The Dukes’ frontcourt, though, has been what’s allowed Duquesne to muscle its way to a .500 record despite its mid-season roster attrition. Namely, Marcus Weathers and Michael Hughes have been terrific — the tandem accounts for nearly 40% of the team’s scoring average, spearheaded by Weathers’ 16.1 average. Weathers embraced an even larger role in the offense following the aforementioned losses, and following early-season conditioning issues, the forward appears to be playing his best basketball at the right time: He posted a gaudy career-high 28 points and a career-high-tying 14 rebounds in the regular season finale against Rhode Island Feb. 27.
Freshman big Andre Harris has also impressed this season, flashing glimpses of his potential and giving Dambrot an impactful frontcourt option off the bench.
What: Well, it’s an 11 a.m. matchup against a solid Richmond squad.
But the Dukes are hoping this is the beginning of a four-game run to the A-10 title, which would be the program’s first since 1977. If Duquesne gets by Richmond, a quarterfinal date with top-seeded St. Bonaventure awaits.
The road to Dayton — where the league’s championship game will be played March 14 — will be a bumpy one.
When: For the first time since 2019, and by extension, maybe the first time since 1977.

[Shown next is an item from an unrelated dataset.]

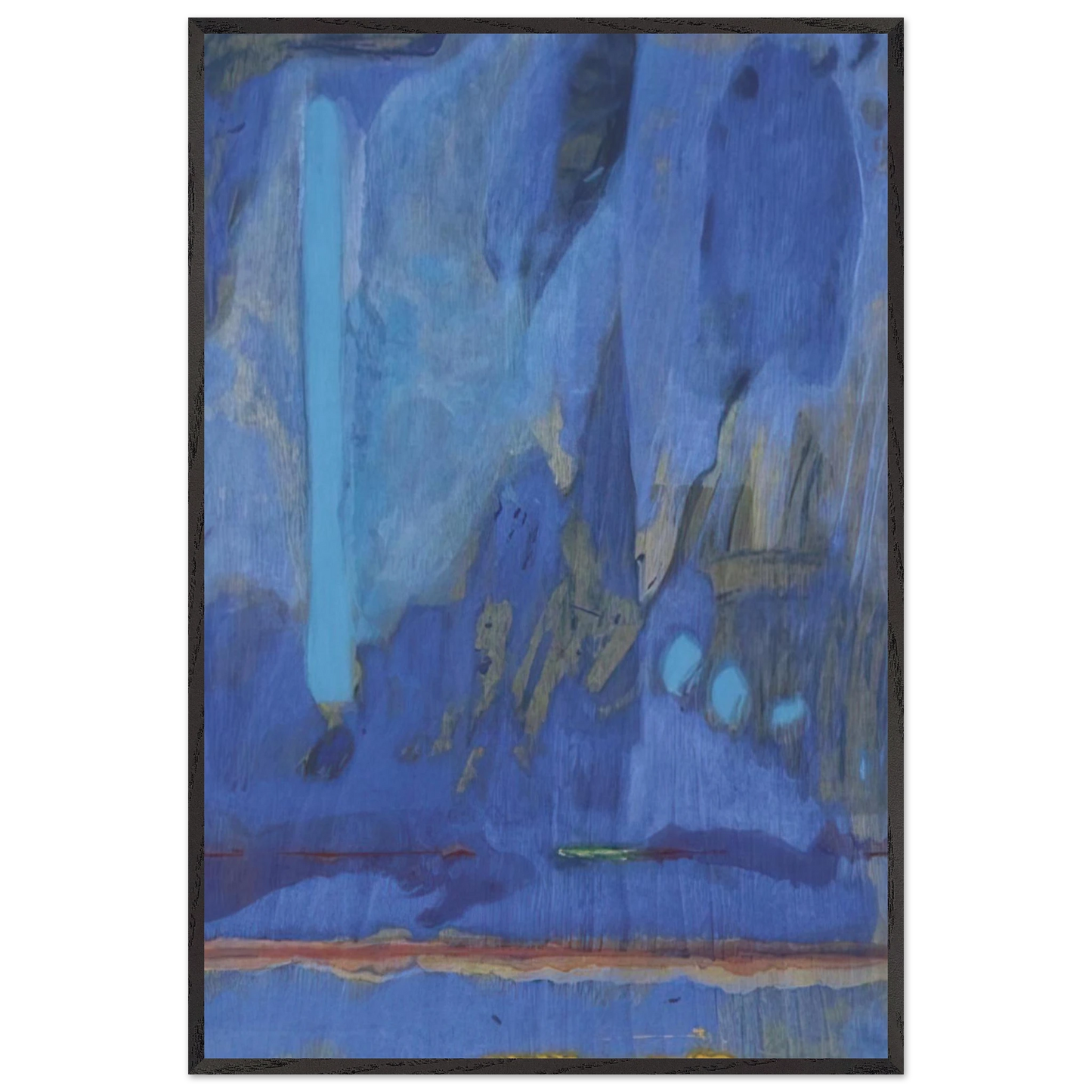 Helen Frankenthaler - Tales of Genji III - 1998 Wall art - 40x40 cm / 16x16 inches - Premium Wooden Framed Poster With Fine Art Paper - Wood frame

With the 2020 tournament serving as an extreme aberration (and opportunity missed), Duquesne is still 0-2 in the conference tournament under Dambrot. Assuredly, Dambrot does not want to enter Year 5 on the job still winless in the conference tournament.
For more reasons than a few, a win over Richmond on Thursday would be ginormous for Duquesne.
Where: Richmond, but the game against the Spiders will be played at VCU’s Siegel Center.
The tournament is being co-hosted by the A-10’s two Richmond campuses, with games being played at both the Siegel Center and UR’s Robins Center from March 3-6.
The conference’s championship game will then be held March 14 at Dayton’s UD Arena.
Why: Why is the A-10 playing its tournament in two separate states? Good question. Beats me.